Gallery:Robonaut readied to launch to the space station
Almost 200 people from 15 countries have visited the International Space Station, but the orbiting laboratory has so far only ever had human crew members — until now.
Robonaut 2, the latest generation of NASA's Robonaut astronaut helpers, is set to launch to the station aboard space shuttle Discovery on the STS-133 mission. It will be the first humanoid robot in space, and although its primary job for now is to teach engineers how dexterous robots behave in space, the hope is that through upgrades and advancements, it could one day venture outside the station to help spacewalkers make repairs or additions to the station or perform scientific work.
R2, as the robot is called, will launch inside the Permanent Multipurpose Module, which will be packed with supplies and equipment and then installed permanently on the station's Unity node.
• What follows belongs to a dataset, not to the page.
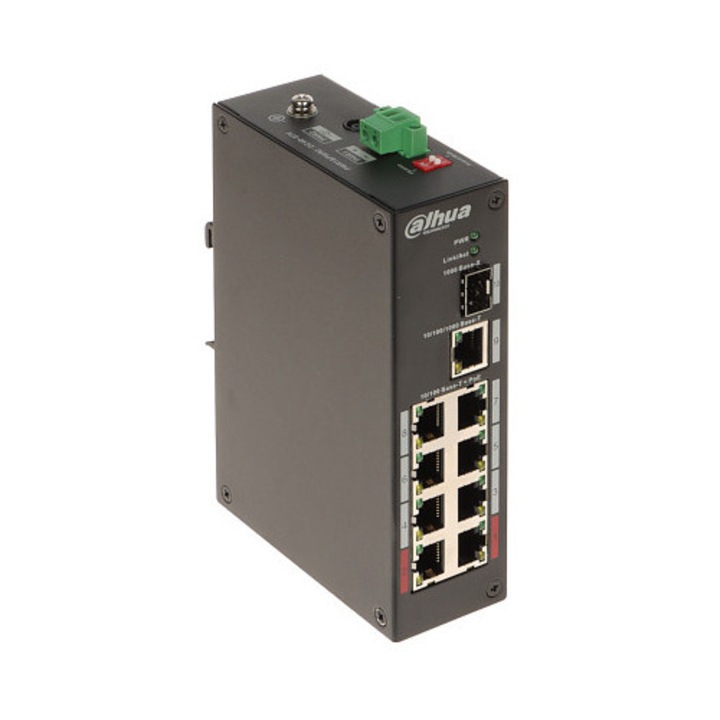 DAHUA menedzselhető switch, 8 LAN PoE port, 1 Uplink port, 1 SFP port, 96W, 10/100/1000 Mb/s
Once R2 is unpacked — likely several months after it arrives -- it will initially be operated inside the Destiny lab for testing, but over time both its territory and its applications could expand. There are no plans to return R2 to Earth. — NASA
Photo and video credit: collectSPACE/Robert Z. Pearlman
On August 4, 2010, shortly before shipping R2 to the Kennedy Space Center for its launch, NASA's Johnson Space Center invited reporters to the Space Vehicle Mockup Facility see the robot and its Earth-bound prototype in action.
Above and below:
At left, the Robonaut 2 that will launch to the space station. At right, its previous duplicate, now Earth-bound. Among their differences, the flight unit is covered in the same material as astronauts' spacesuits and it's been "hardened" to protect for radiation exposure and from electronically interfering with station systems.
STS-133 commander Steven Lindsey and mission specialist Michael Barratt will launch with Robonaut and move it onboard the station (inside the Permanent Multipurpose Module), but will not have a chance to see it power-up or operated in space.
R2's ability to manipulate flexible materials could lend itself to manipulating the thermal blankets that cover areas of the station.
As evident by the patches on its torso, R2 is a partnership between NASA and General Motors (GM) to accelerate development of the next generation of robots and related technologies for use in the automotive and aerospace industries.
With human-like hands and arms, R2 is able to use the same tools station crew members use. In the future, the greatest benefits of humanoid robots in space may be as assistants or stand-in for astronauts during spacewalks or for tasks too difficult or dangerous for humans.